五節句とは、年中行事で季節の節目となる5つの式日のことを指します。
1月7日は人日(じんじつ)の節句で七草粥の日、3月3日は上巳(じょうし)の節句で所謂、雛祭りのことです。
5月5日は端午(たんご)の節句で子どもの日、7月7日は七夕(しちせき)の節句で七夕(たなばた)になります。
この4つの節句は有名ですが、では最後の節句である9月9日は何の節句でしょうか?
9月9日は重陽(ちょうよう)の節句と言います。
上の4つの節句に比べて今一つ知名度が低い節句ですが、昔、特に平安時代には盛大に祝われていたと言われています。
では重陽の節句について紹介していきます。
重陽の節句とは?
古来中国では奇数は縁起の良い陽数であると考えられ、その奇数が重なる日はめでたい日であり、お祝いしたのが五節句の始まりと言われています。
特に9は一番大きい陽数であり、この大きな陽数が重なる9月9日を「重陽の節句」と定めました。
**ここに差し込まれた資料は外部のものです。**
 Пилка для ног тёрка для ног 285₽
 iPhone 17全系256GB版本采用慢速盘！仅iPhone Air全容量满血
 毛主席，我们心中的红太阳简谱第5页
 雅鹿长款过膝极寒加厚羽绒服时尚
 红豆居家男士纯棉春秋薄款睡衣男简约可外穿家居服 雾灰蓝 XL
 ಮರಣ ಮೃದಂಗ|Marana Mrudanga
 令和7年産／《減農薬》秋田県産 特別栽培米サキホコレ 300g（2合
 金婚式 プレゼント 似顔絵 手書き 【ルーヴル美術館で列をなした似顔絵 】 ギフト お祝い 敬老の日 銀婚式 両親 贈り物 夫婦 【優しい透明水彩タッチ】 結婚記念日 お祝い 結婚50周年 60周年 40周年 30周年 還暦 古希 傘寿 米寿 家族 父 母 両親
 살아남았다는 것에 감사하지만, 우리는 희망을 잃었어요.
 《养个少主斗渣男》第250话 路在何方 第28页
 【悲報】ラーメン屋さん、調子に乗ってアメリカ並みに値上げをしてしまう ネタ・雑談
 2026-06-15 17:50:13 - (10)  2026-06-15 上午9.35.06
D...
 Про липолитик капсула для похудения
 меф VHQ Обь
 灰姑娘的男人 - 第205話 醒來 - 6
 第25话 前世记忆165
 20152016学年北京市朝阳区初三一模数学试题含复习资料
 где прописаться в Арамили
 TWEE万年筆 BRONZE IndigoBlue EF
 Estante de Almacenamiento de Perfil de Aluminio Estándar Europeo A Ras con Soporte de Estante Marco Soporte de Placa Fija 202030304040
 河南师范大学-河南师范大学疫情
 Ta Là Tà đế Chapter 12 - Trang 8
重陽の節句は邪気を払い長命を願う式日のため、古来中国では邪気を払う長生きの薬草として信じられていた菊を愛でていました。
そのため重陽の節句は、「菊の節句」とも呼ばれています。
日本には平安時代に伝来したと言われており、貴族たちは宮中で菊を観賞しながら宴を催していました。
また庶民の間では、重陽の節句はちょうど収穫の時期になるため「栗の節句」として親しまれていたそうです。
重陽の節句の行事食としての食べ物は?
重陽の節句の行事食として有名な食べ物は、菊酒です。
菊酒とは菊の花びらを浮かべたお酒で、菊は長生きの薬草と信じられていた為、長寿を願って飲んでいたと言われています。
またもう一つ有名な食べ物は、栗ごはんです。
庶民の間では、重陽の節句は栗の節句として親しまれていたため、栗ごはんが行事食になっていったのでしょう。
また「おくんち(重陽の節句)に茄子を食べると中風にかからない」という言い伝えがあり、そのため秋茄子も重陽の節句の食べ物として食べられていました。
以上のことから、行事食としての食べ物は、菊と栗と秋茄子になります。
これが9月9日の重陽の節句の紹介になります。
今では馴染みのない節句になってしまいましたが、これを機に今度の9月9日には菊を観賞してみてはいかがでしょうか。
また食卓に栗ごはんや秋茄子のメニューを並べてみるのもいいでしょう。
改めて日本の伝統行事に触れてみると、新鮮な気持ちを味わえるかもしれません。